Ahora el mundo va de desprenderse de los sentimientos como quien destruye páginas llenas de versos equivocados. Desaparecen poco a poco las baladas de rock y en las radios sólo se escuchan sonidos electrónicos que pretenden agitar las faldas y no los corazones. Los gobiernos nos aprietan el cinturón contra el cuello mientras nos cambian la Cultura por impuestos y se juegan nuestra Sanidad en un casino fantasma cerca de Alcorcón. Las empresas anuncian móviles sumergibles que conseguirán robarle incluso la libertad y el silencio al mar, al mismo tiempo que te venden que la mejor solución para arreglar tu matrimonio es la infidelidad. Nos han hecho creer que esta es nuestra felicidad y nosotros nos hemos negado a pensar. Y creo que es momento de gritar.
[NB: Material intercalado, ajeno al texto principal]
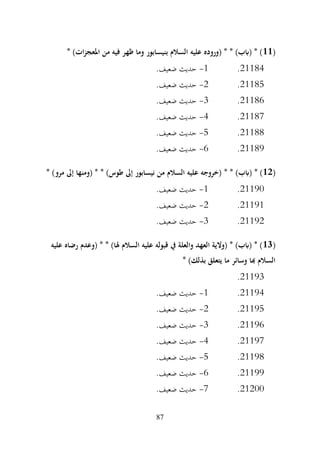 87
(
11
* )‫ات‬‫ز‬‫املعج‬ ‫من‬ ‫فيه‬ ‫ظهر‬ ‫وما‬ ‫بنيسابور‬ ‫السالم‬ ‫عليه‬ ‫(وروده‬ * * )‫(ابب‬ * )
21184
.
1
-
.‫ضعيف‬ ‫حديث‬
21185
.
2
-
.‫ضعيف‬ ‫حديث‬
21186
.
3
-
.‫ضعيف‬ ‫حديث‬
21187
.
4
-
.‫ضعيف‬ ‫حديث‬
21188
.
5
-
.‫ضعيف‬ ‫حديث‬
21189
.
6
-
.‫ضعيف‬ ‫حديث‬
(
12
* * )‫(ابب‬ * )
* )‫مرو‬ ‫إىل‬ ‫(ومنها‬ * * )‫طوس‬ ‫إىل‬ ‫نيسابور‬ ‫من‬ ‫السالم‬ ‫عليه‬ ‫(خروجه‬
21190
.
1
-
.‫ضعيف‬ ‫حديث‬
21191
.
2
-
.‫ضعيف‬ ‫حديث‬
21192
.
3
-
.‫ضعيف‬ ‫حديث‬
(
13
‫عليه‬ ‫رضاه‬ ‫(وعدم‬ * * )‫هلا‬ ‫السالم‬ ‫عليه‬ ‫قبوله‬ ‫يف‬ ‫والعلة‬ ‫العهد‬ ‫(والية‬ * )‫(ابب‬ * )
* )‫بذلك‬ ‫يتعلق‬ ‫ما‬ ‫وسائر‬ ‫هبا‬ ‫السالم‬
21193
.
21194
.
1
-
.‫ضعيف‬ ‫حديث‬
21195
.
2
-
.‫ضعيف‬ ‫حديث‬
21196
.
3
-
.‫ضعيف‬ ‫حديث‬
21197
.
4
-
.‫ضعيف‬ ‫حديث‬
21198
.
5
-
.‫ضعيف‬ ‫حديث‬
21199
.
6
-
.‫ضعيف‬ ‫حديث‬
21200
.
7
-
.‫ضعيف‬ ‫حديث‬
 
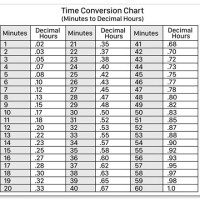 Time Clock Conversion Chart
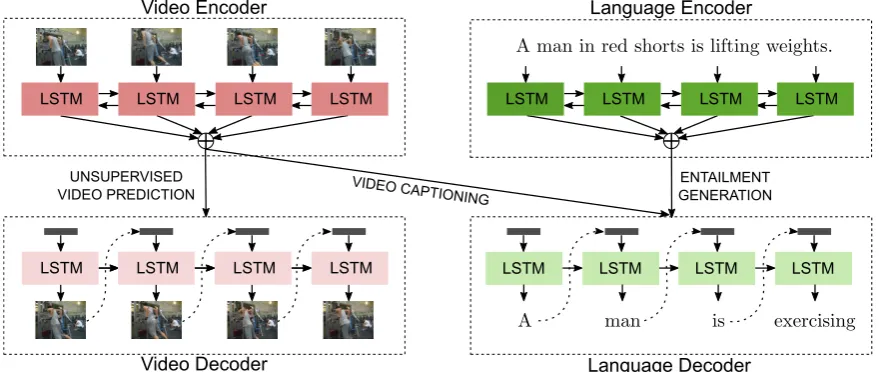 Figure 4: Our many-to-many multi-task learning model to share encoders and decoders of the video captioning, unsupervisedvideo prediction, and entailment generation tasks.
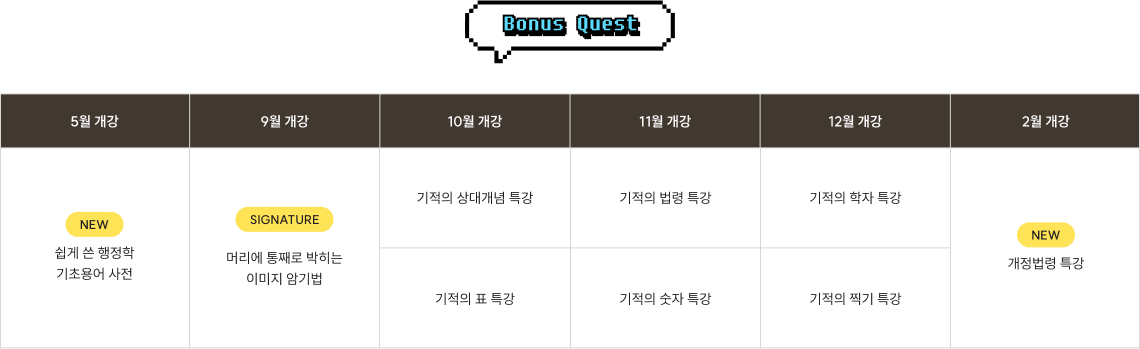 bonus quest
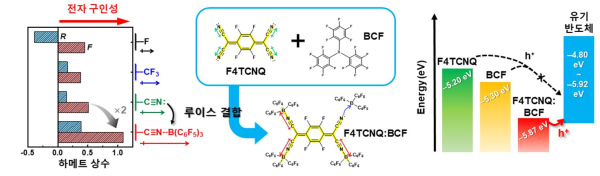 신규 유기 도펀트 소재의 합성전략 및 도핑특성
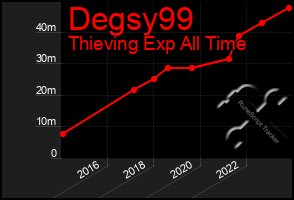 Total Graph of Degsy99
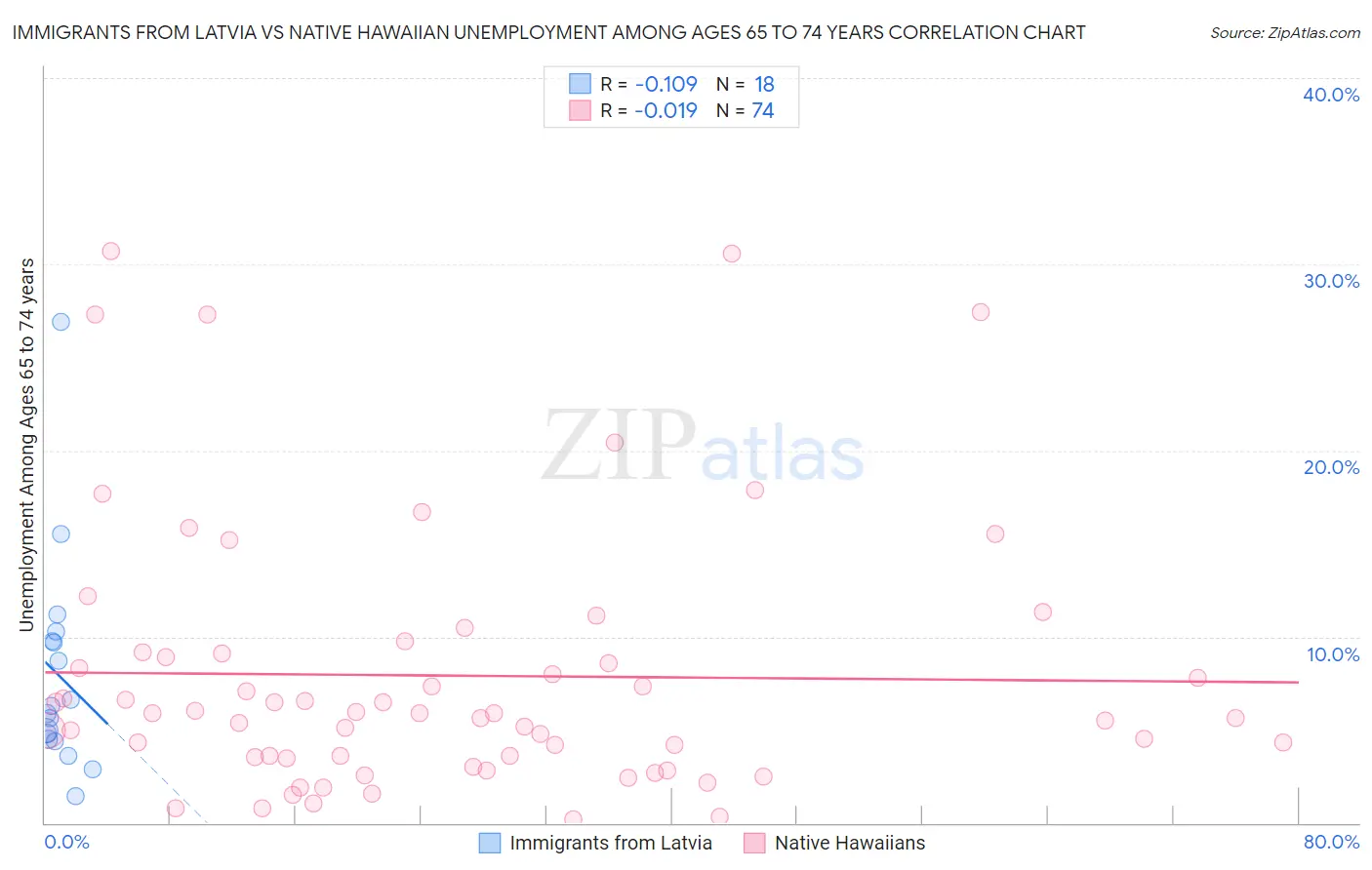 Immigrants from Latvia vs Native Hawaiian Unemployment Among Ages 65 to 74 years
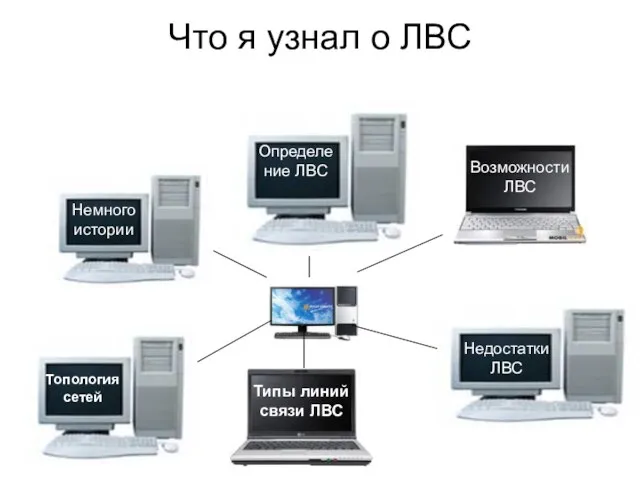 Что я узнал о ЛВС Топология сетей Немного истории Типы линий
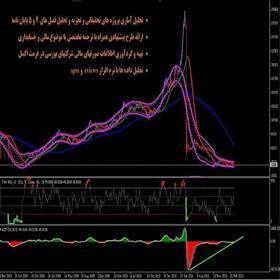 تحلیل آماری حسابدای و مدیریت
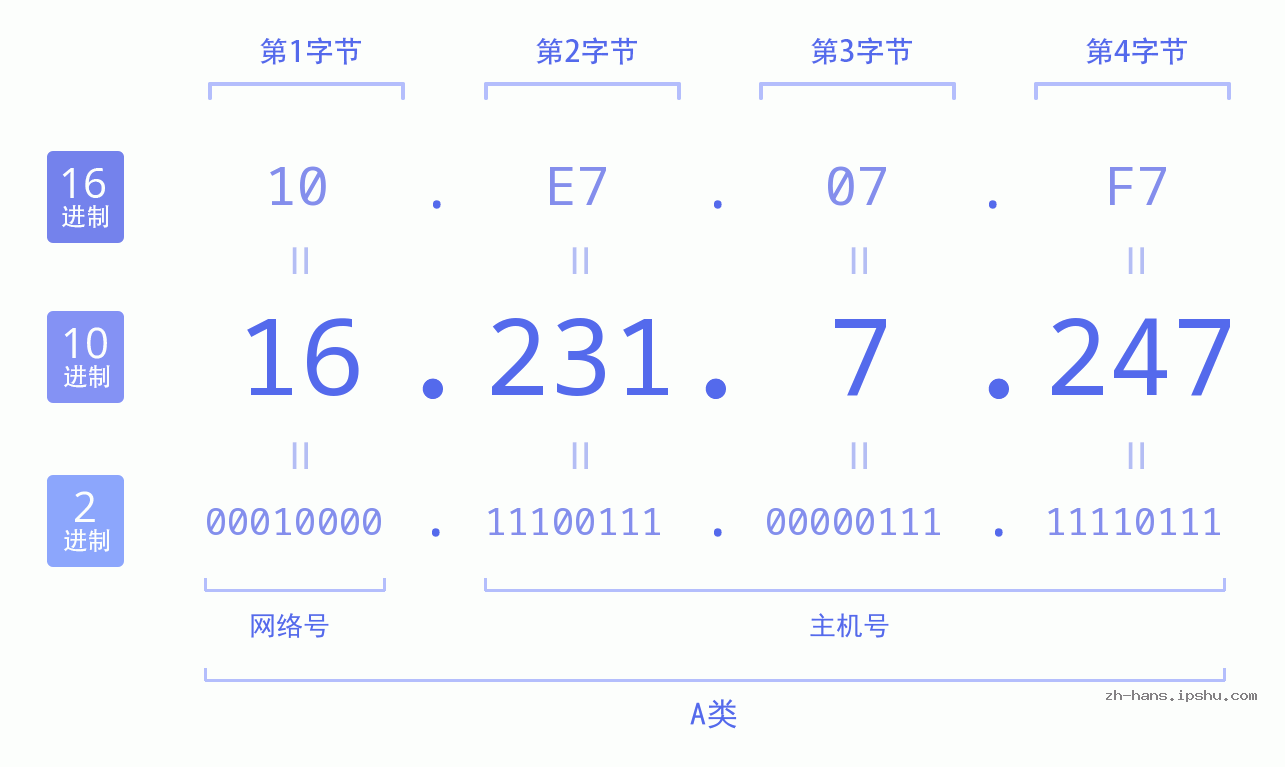 IP地址:16.231.7.247 数据结构图 二进制 十进制 十六进制 IPv4: 16.231.7.247 网络类型 网络号 主机号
Gritar que la vida es un camino personal y que no pueden guiarnos a todos por una única ruta mundial.
Gritar que las cosas más importantes no tienen un precio establecido; que el amor y la amistad no entienden de la ley de oferta y demanda, que no hay que ahorrar en lágrimas ni meterlas en la sucursal más cercana a plazo fijo por si el futuro es aún más gris y nos vemos obligados a llorar por encima de nuestras posibilidades.
Gritar que el pueblo es el capitán que debe de dirigir un país a buen puerto, que ya estamos hartos de piratas con corbata y 'Robin Hoods' confundidos que roban el dinero a los pobres para pagar los caprichos de los ricos.
Gritar que las guerras sólo las pactaremos en hoteles sin estrellas pero con luna, que las sonrisas no pueden cobrarse a fin de mes en las facturas, que el virus de egoismo crónico que nos están inyectando tiene en nuestra capacidad de soñar su mejor vacuna.
Porque aunque lo quieran creer, no estamos quietos, el planeta está empezando a girar silencioso en dirección opuesta a las agujas del complot y no van a poder pararnos. Imagino que Galileo diría algo así como: Y sin embargo, nos movemos.